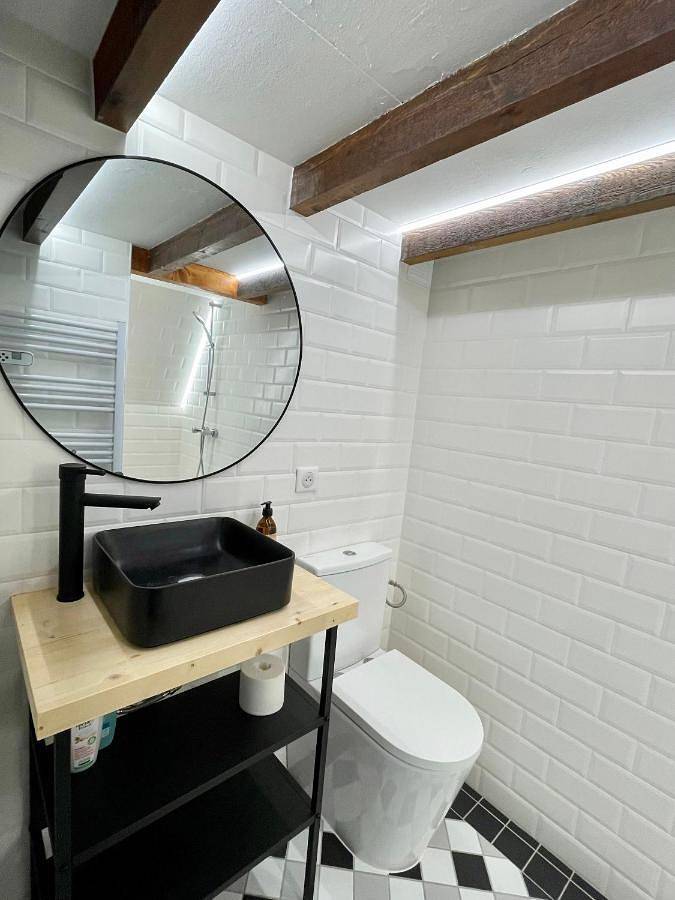 Appartement entier, One-Bedroom Apartment in Barcelonnette, Val d’Allos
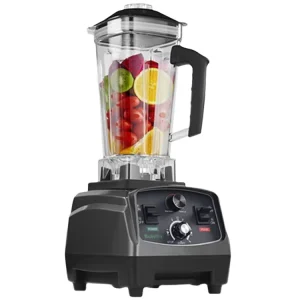 Multi Function Electric Heavy Duty Professional Food Blenders 2L Big Capacity MAX 2200W Powerful Juicers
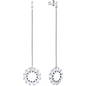 Swarovski Naeli fülbevaló (5446996)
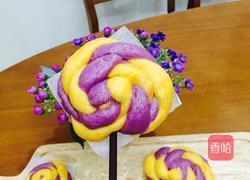 棒棒糖面包的做法图解12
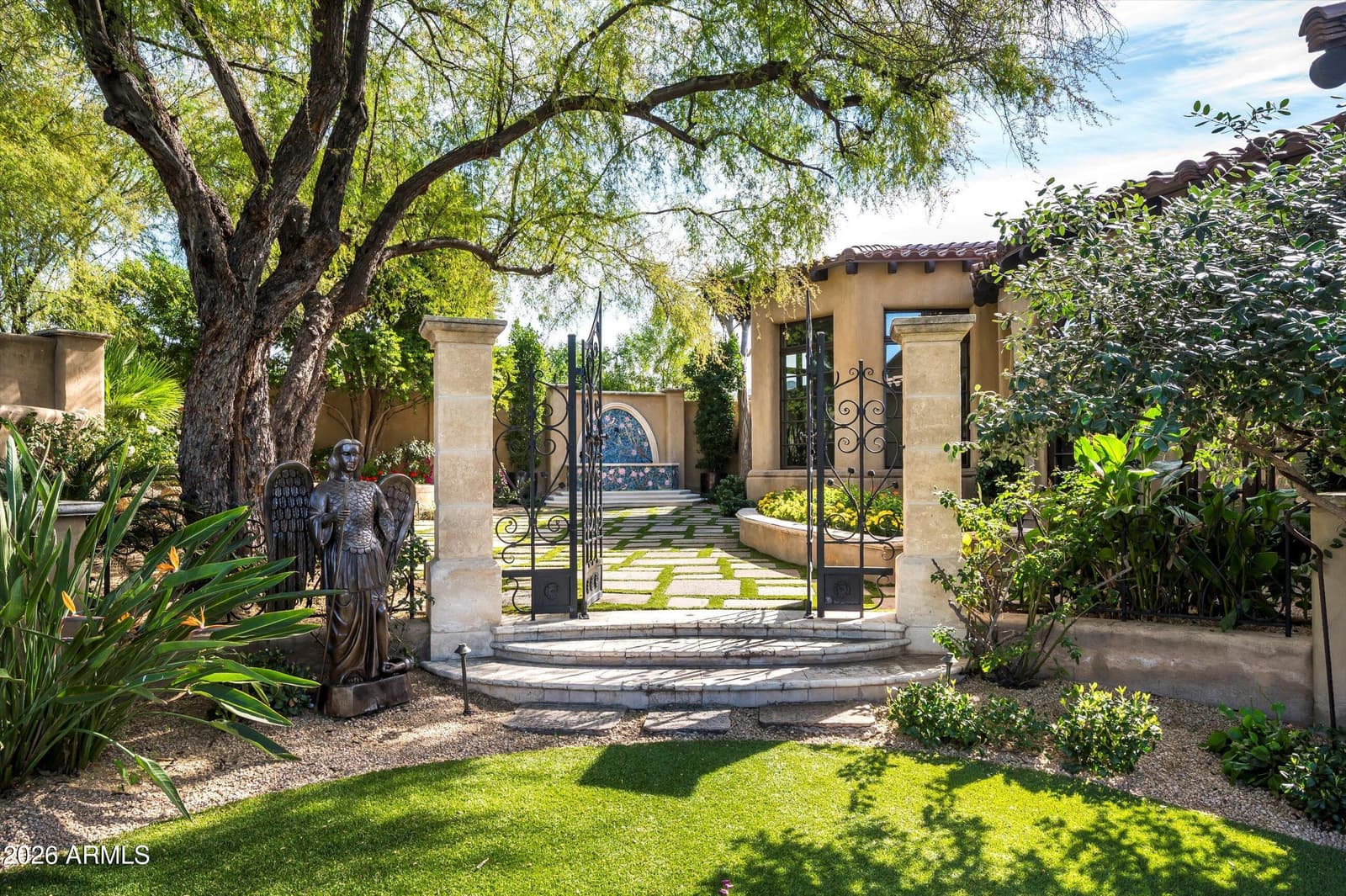 10040 E HAPPY VALLEY Road 8, Scottsdale, AZ 85255 — photo 43 of 91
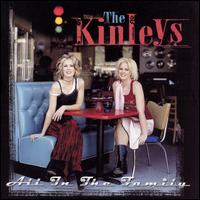 Kinleys - All in the Family lyrics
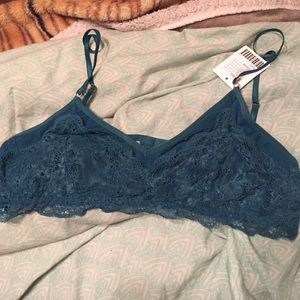 Urban outfitters bralet
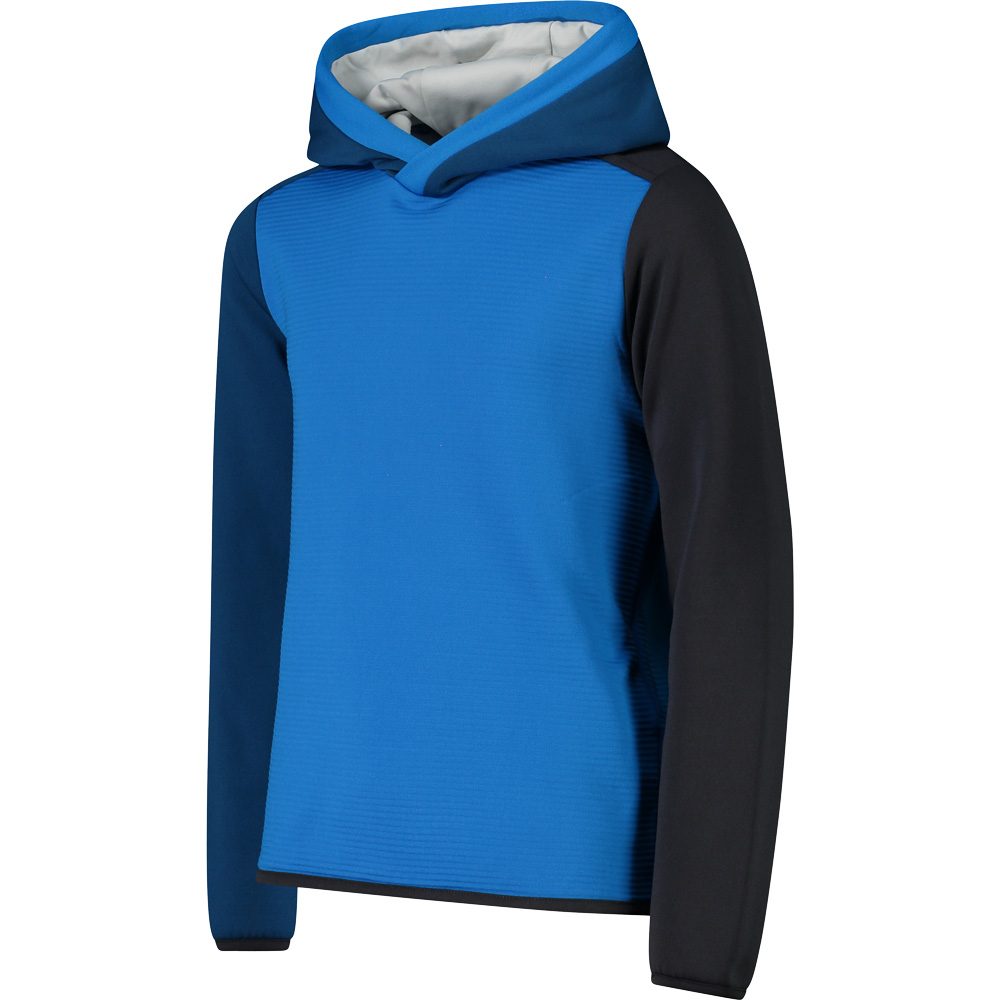 CMP Sweatshirt Kinder river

ABOUT THIS EXERCISE ::
Reproduce the full listing verbatim so that only the pictures are missing.

EXERCISE RESPONSE ::
 Appartement entier, One-Bedroom Apartment in Barcelonnette, Val d’Allos
 Multi Function Electric Heavy Duty Professional Food Blenders 2L Big Capacity MAX 2200W Powerful Juicers
 Swarovski Naeli fülbevaló (5446996)
 棒棒糖面包的做法图解12
 10040 E HAPPY VALLEY Road 8, Scottsdale, AZ 85255 — photo 43 of 91
 Kinleys - All in the Family lyrics
 Urban outfitters bralet
 CMP Sweatshirt Kinder river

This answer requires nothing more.